What you need to do
When you reach the line containing "BITCED Women's Fashion", start transcribing exactly and continue through the last line of the data, skipping every picture.

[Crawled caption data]
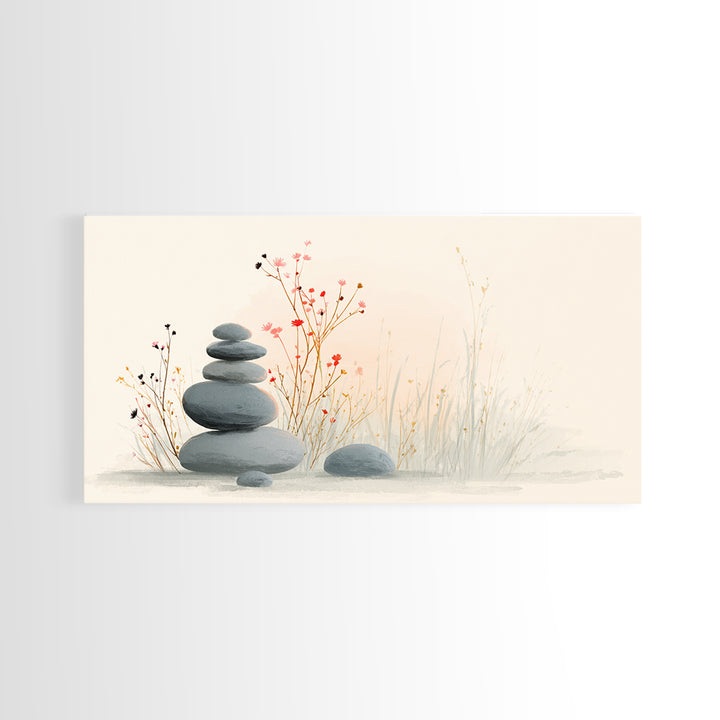 Stacked Zen Stones With Delicate Botanicals Wall Art, Minimalist Spa Decor, Calming Meditation Room Canvas Print, Neutral Home Decor
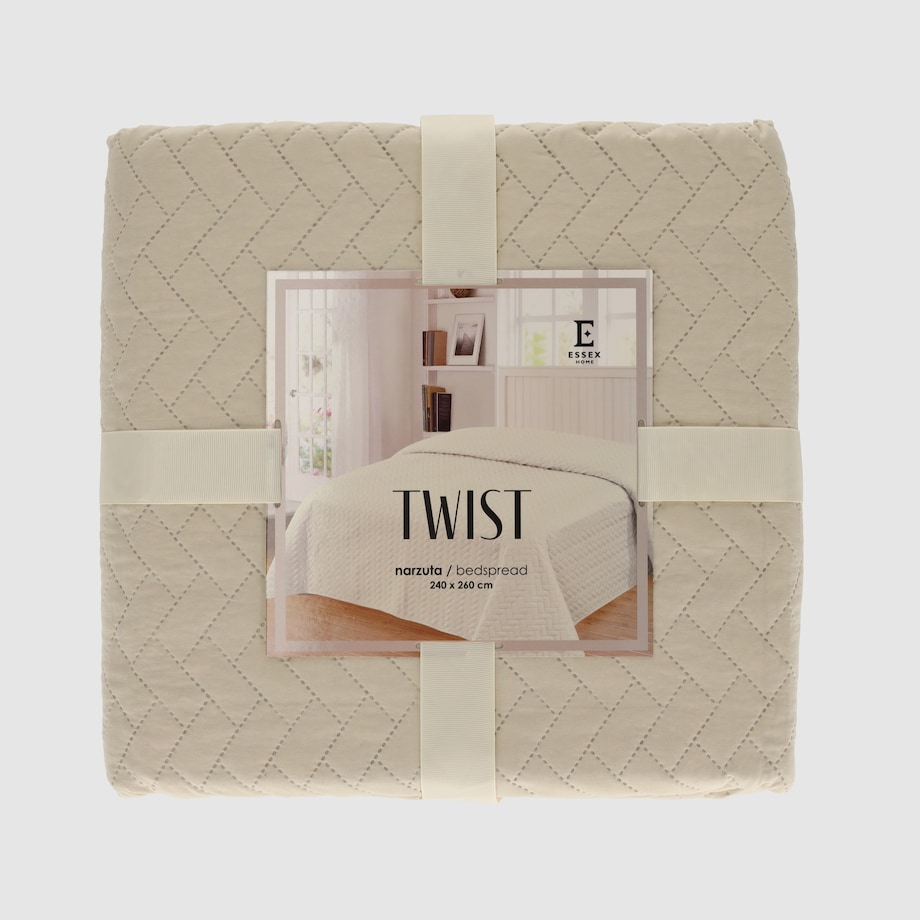Jednokolorowa narzuta na łóżko z wytłoczonym wzorem Twist 240x260 cm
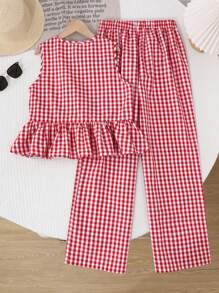 SHEIN LMoss Kids Tween Girls Plaid Tie Bow Sleeveless Blouse And Wide Leg Pants 2 Pieces Outfit Holiday Outfits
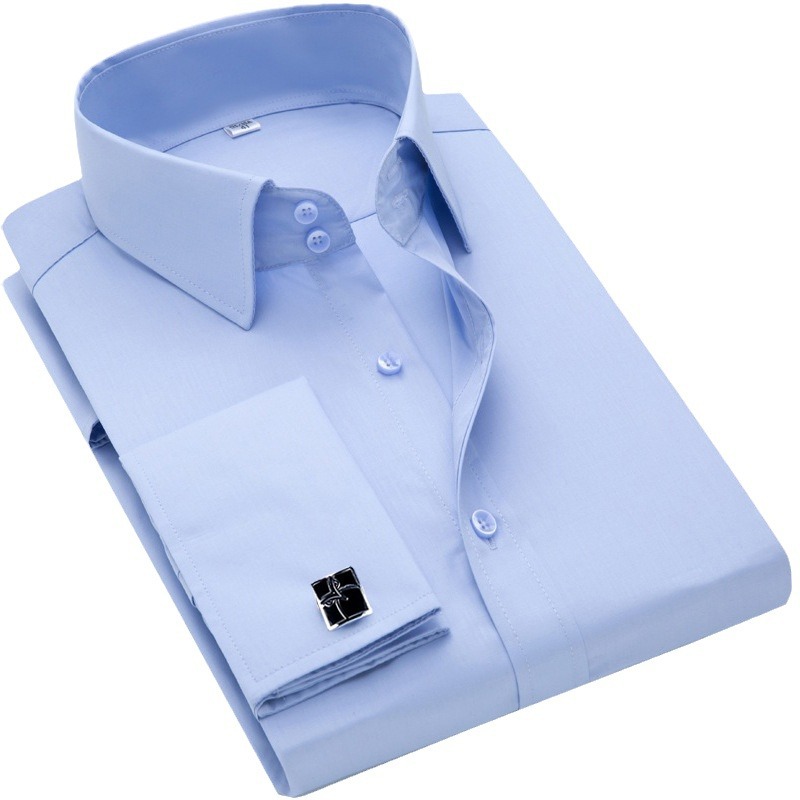 Primavera francés mancuernas camisa de manga larga slim fit negocios formal camisa slim fit mancuernas banquete boda ropa de hombre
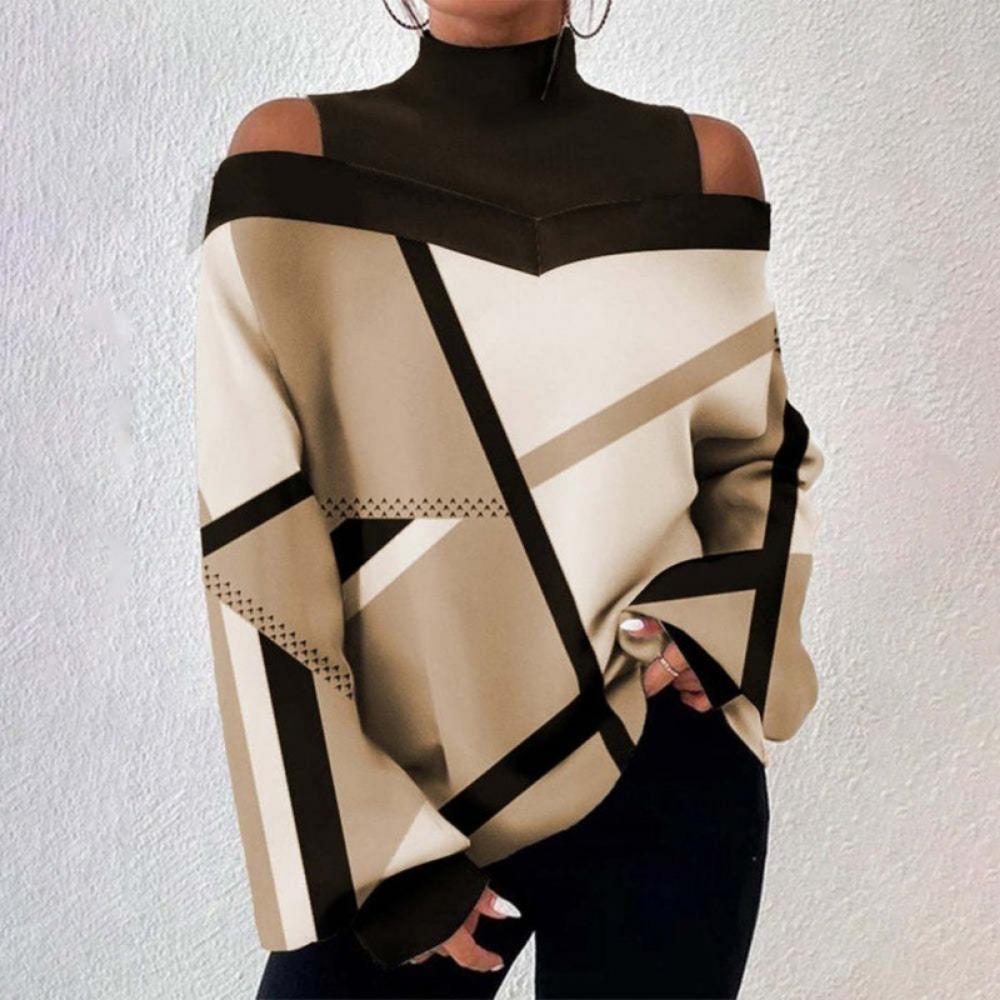 BITCED Women's Fashion Casual Autumn Winter Long Sleeve Half Turtleneck Blouses & Shirts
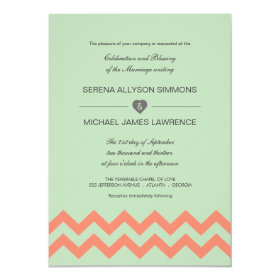 Mint Green & Coral Chevron Wedding Invitation 4.5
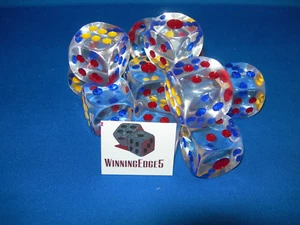 NUEVOS 12 GRANDES DADOS ACRÍLICOS TRANSPARENTES con PIPS DE COLOR (22mm) 0.866 pulgadas BUNCO - Imagen 1 de 5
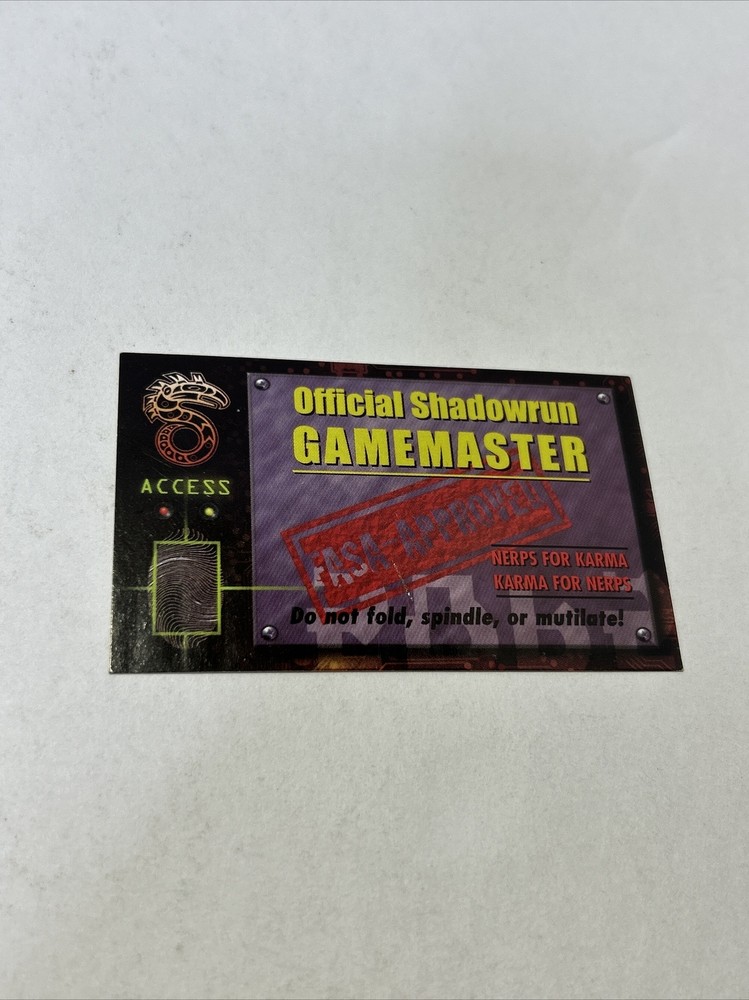 FASA Official SHADOWRUN Gamemaster Approved ID Card J2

Your solution
 BITCED Women's Fashion Casual Autumn Winter Long Sleeve Half Turtleneck Blouses & Shirts
 Mint Green & Coral Chevron Wedding Invitation 4.5
 NUEVOS 12 GRANDES DADOS ACRÍLICOS TRANSPARENTES con PIPS DE COLOR (22mm) 0.866 pulgadas BUNCO - Imagen 1 de 5
 FASA Official SHADOWRUN Gamemaster Approved ID Card J2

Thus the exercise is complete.